Content starts
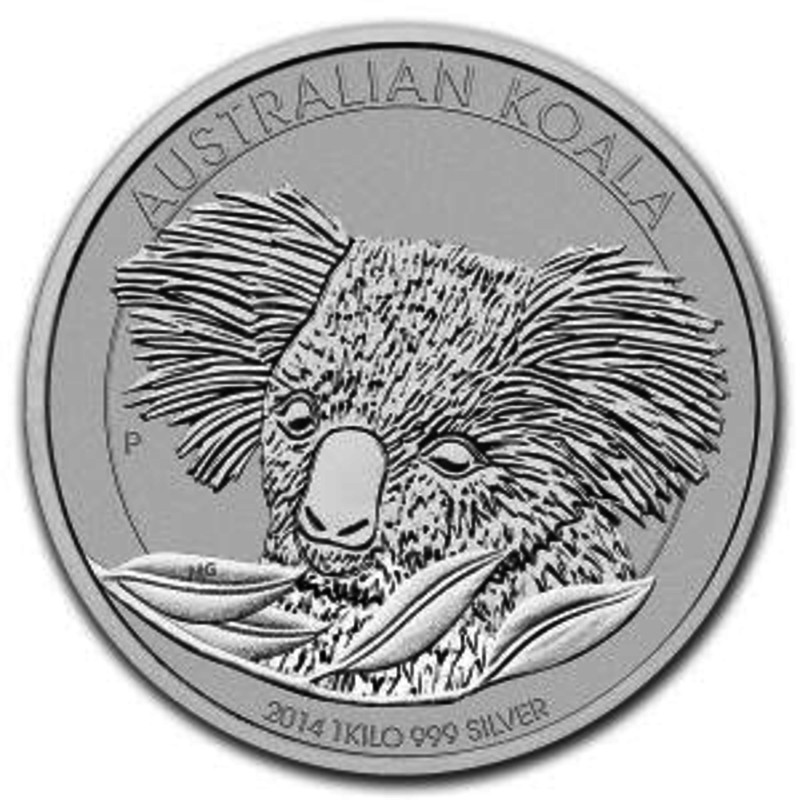 Серебряная монета Австралийская Коала, 2014 г.в., 1 кг (проба 0,999)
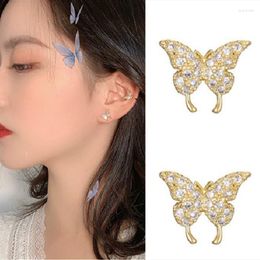 Stud Earrings Korean Full Rhinestone Butterfly Cute Crystal Animal Statement Jewelry Christmas Gift Boucles D'oreilles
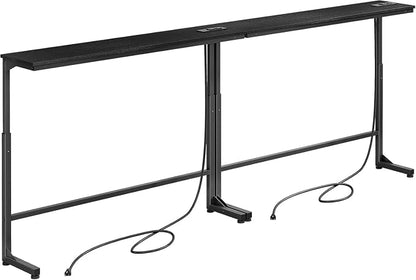 Kitstorack Narrow Sofa Table with Charging Station, 78.8" Behind Couch Table, Adjustable 24.4"-32.7" Height, Modular 2-piece Design for sectionals, entryways, Apartments, and Narrow Living Spaces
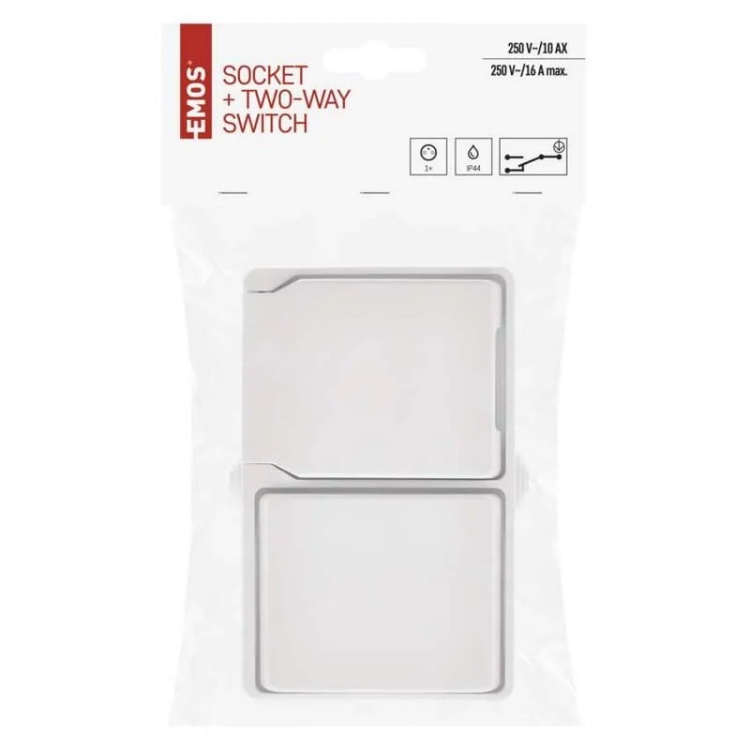 Gniazdo natynkowe i wyłącznik schodowy białe IP44 Emos A1397.5 opakowanie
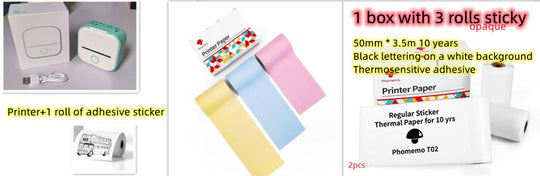 Portable mini thermal label printer with Bluetooth for home, student notes, and price tag printing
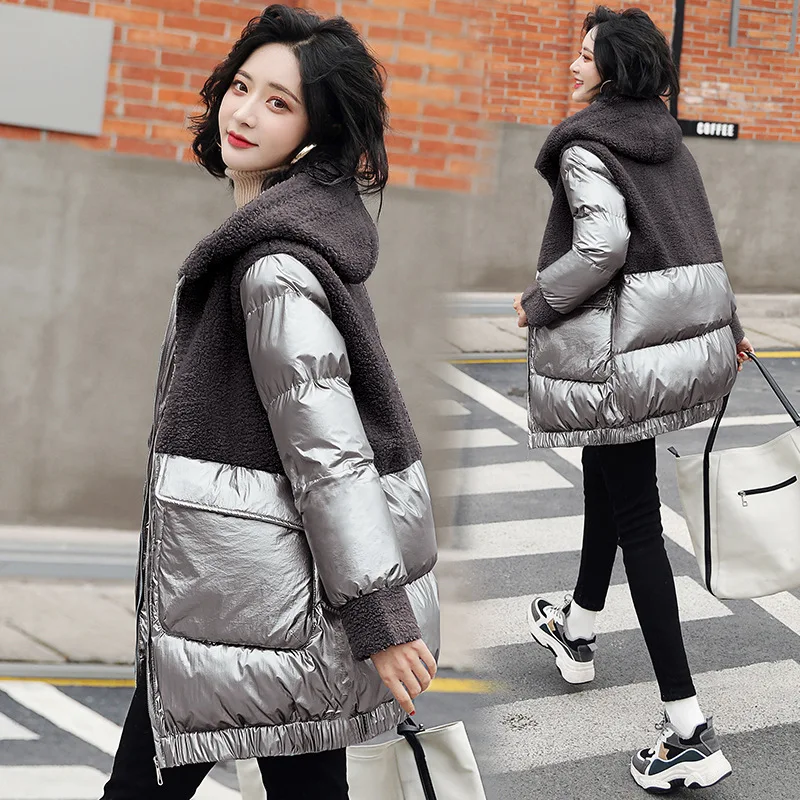 

Laziness-Style Cotton Coat Women's Mid-length 2019 New Style Bright Surface down Feather Cotton-padded Clothes Lambs Wool Joint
Content ends
- **Task description**
Please set down the data above exactly as given, leaving every picture out.

- **Solution for this exercise**
 Серебряная монета Австралийская Коала, 2014 г.в., 1 кг (проба 0,999)
 Stud Earrings Korean Full Rhinestone Butterfly Cute Crystal Animal Statement Jewelry Christmas Gift Boucles D'oreilles
 Kitstorack Narrow Sofa Table with Charging Station, 78.8" Behind Couch Table, Adjustable 24.4"-32.7" Height, Modular 2-piece Design for sectionals, entryways, Apartments, and Narrow Living Spaces
 Gniazdo natynkowe i wyłącznik schodowy białe IP44 Emos A1397.5 opakowanie
 Portable mini thermal label printer with Bluetooth for home, student notes, and price tag printing

Laziness-Style Cotton Coat Women's Mid-length 2019 New Style Bright Surface down Feather Cotton-padded Clothes Lambs Wool Joint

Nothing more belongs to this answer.